Companies which “invert” maintain the benefits of being based in the U.S., while slashing the amount of corporate taxes they pay.

The scheme – in which a U.S.-based corporation with operations outside the U.S. restructures so the U.S. parent operation is replaced by a foreign corporation – is estimated to cost the U.S. economy $20 billion in the next 10 years, according the White House. Walgreen’s consideration of the scheme has drawn criticism from President Obama and proposals in Congress to curtail it.

 The shareholder proposal was filed by the Massachusetts Laborers’ Pension Fund. LIUNA-affiliated funds have been active since 2005 in overseas incorporation issues involving U.S. companies.

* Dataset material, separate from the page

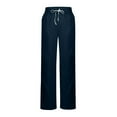 thumbnail image 6 of Women Wide Leg Drawstring Pants Solid Color Elastic Waist Casual Sweat Pants With Side Pockets Womens Cotton Linen Pants, 6 of 6
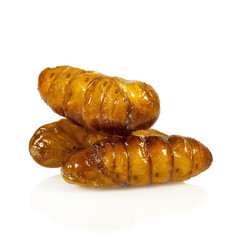 Silkworm pupae fries on white background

 “Inversion schemes are bad for shareholders and bad for America,” said LIUNA General President Terry O’Sullivan. “They erode tax money that should be used for support U.S. infrastructure, education, national defense and other crucial programs. They potentially tarnish the reputation – and thus the value – of companies. And they can make it more difficult for shareholders to hold a company, its officers or directors accountable.”

 In addition, reincorporation outside the U.S. carries the risk of removal from the S&P 500 and other stock indices which can affect a company’s stock price.

 The proposal is the first of its kind in the retail industry.